“Finché non provi a farlo non saprai mai cosa sei capace di fare”
Tutto è cominciato grazie al triathlon. È stato un colpo di fulmine, inaspettato. Come sempre accade in questi casi. Come sempre accade quando si trova ciò che ancora non sappiamo di cercare. Un’emozione incontenibile… l’idea di una sfida. La fiducia in un sogno.
Credo che sia stata colpa dell’Elbaman 2014. Anzi ne sono certa! Mi aspettava un ruolo da sostenitrice e appassionata tifosa (il mio compagno era iscritto), poi a qualche giorno dalla gara l’organizzazione chiede la disponibilità di una persona per aiutare un disabile in zona cambio, all’epoca non sapevo neanche che questo ruolo si chiamasse handler. Io rispondo all’organizzazione che se non devo sollevare qualcuno di peso sono disponibile. Arruolata. Non so nulla di chi aiuterò, ho solo un nome (Mirko) e un numero di telefono, insieme ad un accordo per sentirci il giorno prima della gara. Dallo staff mi dicono semplicemente di farmi viva appena arrivo sull’isola per la questione dei pass. Nella mia testa da quel momento è stato come se avessi anche io la mia parte di gara. Più che nella testa, nel cuore a ripensarci… Sapevo che una persona avrebbe fatto affidamento su di me per arrivare al traguardo. Anche per pochi minuti, anche in maniera infinitesimale, ma ero dentro.
Ci si è messo poi anche il sole, l’unica edizione della storia, dicono, col sole a picco e una temperatura che neanche ad agosto. Io ero partita con pile e giubbotto antivento (sai, pensavo… l’alba, il freddo, star fermi tante ore mentre c’è la gara) arriviamo là e sembra il set di un film. Zona cambio che si popola in maniera frenetica, aria mite, urla e sussurri in tante lingue, concentrazione e allegria insieme, poi il responsabile della zona cambio che sorride e mi dice: vai in segreteria e fatti mettere il braccialetto.
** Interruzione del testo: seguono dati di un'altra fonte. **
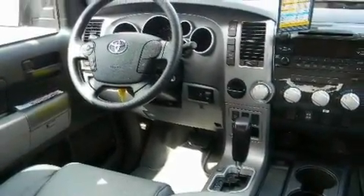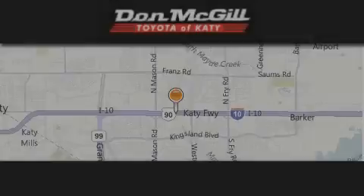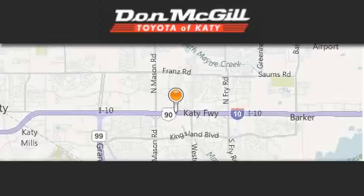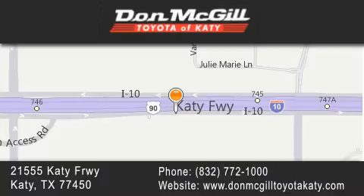Contact us today and schedule your opportunity to see this automobile in person. Don McGill Toyota of Katy is located at 2155 Katy Freeway in Katy. Our goal is to exceed all of your expectations to ensure that you'll return for future visits.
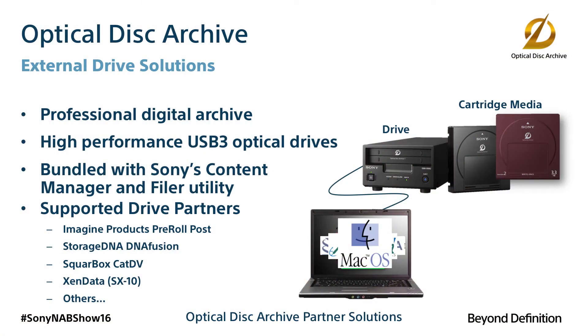The hardware starts with a standalone desktop drive that ships with Sony's filer software, which provides a simple drag-and-drop interface to archiving and restoring.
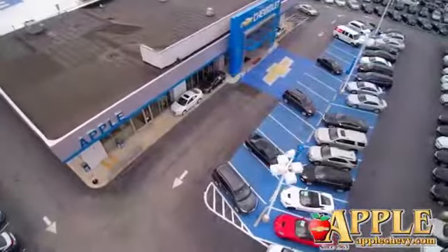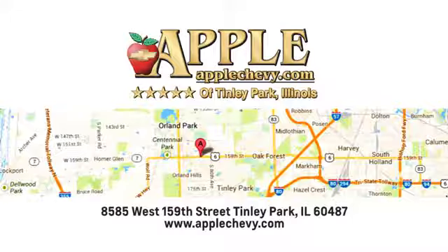We have so much to offer at Apple Chevrolet, your Tinley Park Chevy dealer. We're conveniently located at 8585 159th Street in Tinley Park, Illinois.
All’ora stabilita arriva la telefonata che fissa l’appuntamento con Mirko, che poi sono Sergio e Mirko, due amici, dieci anni di differenza, entrambi non hanno l’uso di un braccio. Mi spiegano che avranno bisogno di una mano per la muta e Sergio per il casco (lui ci tiene al cronometro), Mirko invece vuole solo arrivare alla fine, è il suo primo mezzo. Neanche a dirlo entrambi hanno la luce negli occhi, insieme alla determinazione di tutti gli altri, che in loro non può non valere di più.
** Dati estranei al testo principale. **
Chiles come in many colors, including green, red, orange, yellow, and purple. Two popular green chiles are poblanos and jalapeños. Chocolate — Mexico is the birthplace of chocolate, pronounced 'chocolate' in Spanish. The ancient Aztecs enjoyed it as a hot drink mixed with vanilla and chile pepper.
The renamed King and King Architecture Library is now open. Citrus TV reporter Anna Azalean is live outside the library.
La mattina della gara è ancora notte, si esce presto per andare a sistemare le ultime cose, le bici sono già lì. La zona cambio è riservata agli atleti ed entrare è come varcare la soglia di un tempio, o meglio di un monastero, un luogo per adepti o devoti. Ma lì mi sento subito bene, tanto emozionata ma a mio agio. Faccio quel che devo con Mirko e Sergio, qualche foto per me, guardo in silenzio il mio compagno compiere gesti precisi capendo che per lui, come per gli altri, la gara è iniziata varcando quella soglia. Il risultato dipenderà anche da come tutto lì sarà al suo posto. Poi un aiuto ad un giudice che non sa il francese e sta tentando di spiegare ad un atleta svizzero quale spazio può occupare, poi… ci siamo. In un attimo inizia ad albeggiare e siamo già in spiaggia. Pronti ad iniziare ognuno la propria gara.
Ed è proprio questa la magia del triathlon. Ogni partecipante ha una storia, una gara personale, compie l’impresa, al di là del risultato degli altri. Quelli che gareggiano davvero per i primi posti sono una manciata, gli altri gareggiano contro l’avversario più temibile di tutti, se stessi. L’aria che si respira per questo è unica. Gli sguardi che si incrociano indimenticabili.
È uno sport straordinario, l’ho capito quel giorno, straordinario è allenarsi per quello sport,oggi lo so. Straordinario ciò che si può diventare grazie ad esso.
Quando ancora tentennavo sulle distanze, sulle tipologie e sui dettagli, sapevo che quell’emozione doveva essere mia. Nonostante i mille impegni, nonostante la fatica, nonostante l’invalidità. Nonostante tutto.
Oggi lo sport fa parte della mia vita, anche se cambiano le priorità, i sogni e gli obiettivi. Lo sport è uno strumento (non è un fine!) che mi permette di vivere al meglio la mia disabilità e, insieme all’alimentazione, mi tiene in equilibrio!